Esta obrigatoriedade decorre da atualização feita em 25 de março pelo Papa Francisco da lei aprovada em 2019, que obriga todos os sacerdotes e religiosos a denunciarem crimes de abuso sexual ao Vaticano.
Aquando desta atualização, Francisco reafirmou e tornou permanentes as disposições temporárias da lei que foram aprovadas num momento de crise no Vaticano e na hierarquia católica. Esta lei foi aprovada na sequência da cimeira realizada em fevereiro de 2019, no Vaticano, com os bispos de todo o mundo, para discutir a responsabilidade da Igreja Católica na resposta aos casos de abuso sexual.

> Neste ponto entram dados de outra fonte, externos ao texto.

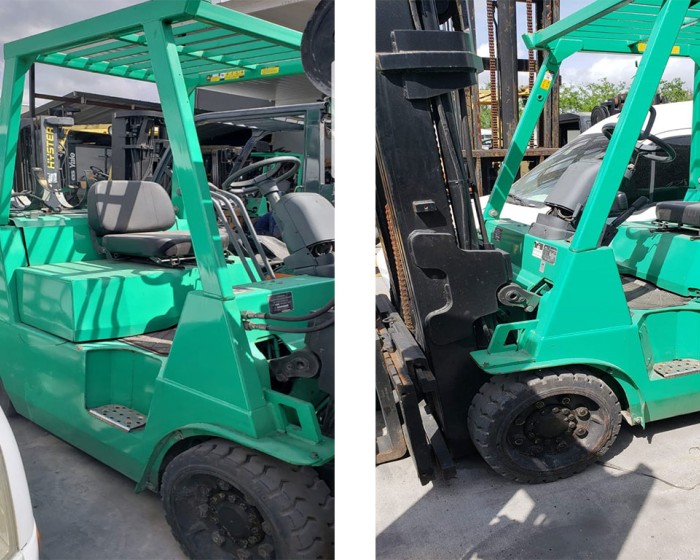 2002 MITSUBISHI FORKLIFT FGC40K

Na ocasião, a legislação foi elogiada por estabelecer mecanismos precisos para investigar bispos e superiores religiosos cúmplices, mas a sua implementação foi desequilibrada e o Vaticano foi criticado por vítimas de abuso, por alegada falta de transparência.

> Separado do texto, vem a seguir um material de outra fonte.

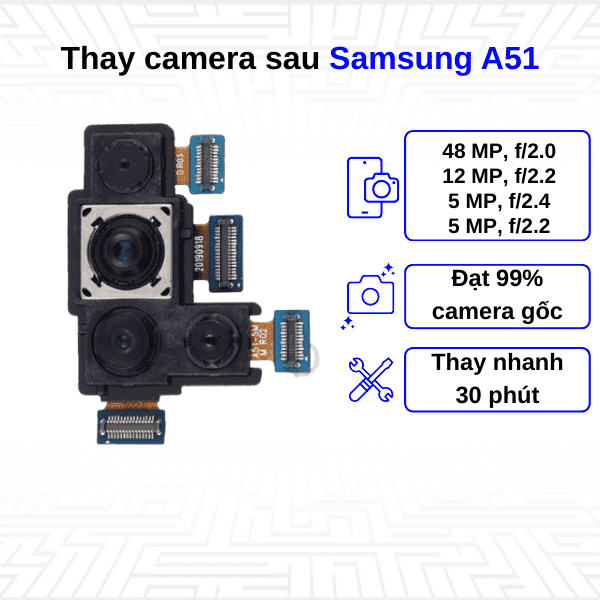 Thay Camera sau Samsung Galaxy A51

As novas regras estão em conformidade com outras alterações no tratamento de abusos praticados por membros da Igreja Católica que foram emitidas desde então.
De forma mais significativa, as novas normas abrangem, além dos clérigos, moderadores de associações aprovadas pela Santa Sé.

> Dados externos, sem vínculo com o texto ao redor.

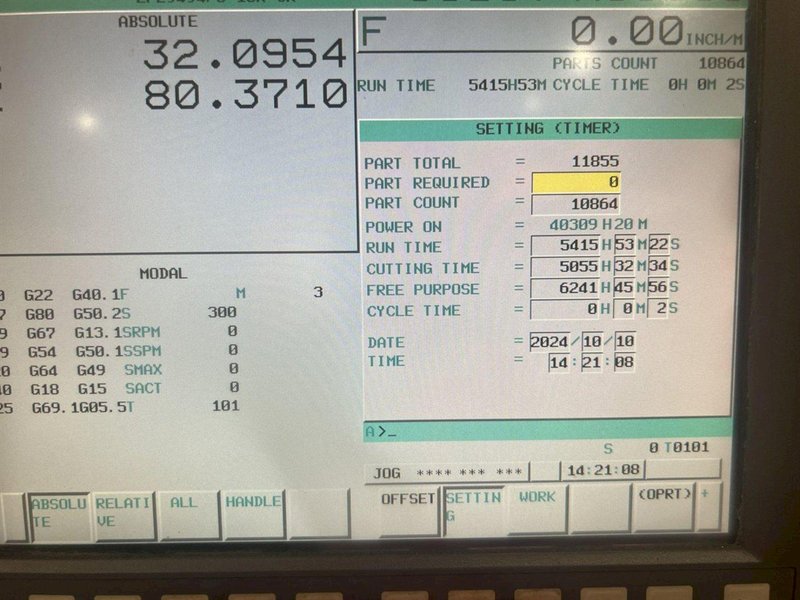 2009 L&amp;L Machinery LL950-4000 Flatbed CNCLathe For Sale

Esta é uma resposta aos casos que surgiram nos últimos anos envolvendo líderes leigos suspeitos de usarem a sua autoridade para abusar de pessoas sob os seus cuidados.
O texto da lei exige que todo o pessoal da Igreja denuncie alegações de abuso do clero internamente e amplia a proteção aos denunciantes, reafirmando a necessidade de proteger a reputação dos acusados.
Muitas vítimas de abuso no seio da Igreja acusam a instituição de, durante décadas, ter fechado os olhos em relação aos bispos e superiores religiosos que encobriram casos, deslocando padres suspeitos de crime sexual para outras paróquias, em vez de os denunciar às autoridades.
A lei de 2019 tentou responder as essas reclamações, mas as vítimas culparam a Santa Sé pelo sigilo sobre as investigações.
Em Portugal, o combate aos abusos na Igreja Católica conheceu um incremento com a criação pela Conferência Episcopal Portuguesa (CEP), no final de 2021, da Comissão Independente para o Estudo dos Abusos Sexuais contra Crianças na Igreja Católica Portuguesa, liderada pelo pedopsiquiatra Pedro Strecht.
Esta comissão validou, durante cerca de um ano de trabalho, 512 dos 564 testemunhos de abusos que lhe chegaram, o que permitiu a extrapolação para, no mínimo, a existência de 4.815 vítimas desde 1950.
Estas conclusões, apresentadas no dia 13 de fevereiro, levaram já ao afastamento da atividade de alguns padres suspeitos.
Na passada quarta-feira, foi apresentado o Grupo VITA, liderado pela psicóloga forense Rute Agulhas, que dará, em parte, continuidade ao trabalho de acolhimento de denúncias de vítimas, mas, segundo o presidente da CEP, José Ornelas, "vai ter uma parte muito significativa de intervenção, nos próximos dois três anos", que passa por "preparar a Igreja para estar atenta, acolher casos eventuais que vão acontecendo, tratá-los convenientemente, ir ao encontro destas pessoas [vítimas] e dos outros que vêm do passado".
"Mas, também, e sobretudo, preparar tipos de prevenção, de formação de pessoas, sobretudo dos agentes que estão em contacto com crianças", explica o presidente da Conferência Episcopal.
O objetivo passa, ainda, por "montar um sistema que fique na igreja" para o acompanhamento destes casos, com a opção a ir no sentido de "uma organização preferentemente laical e competente".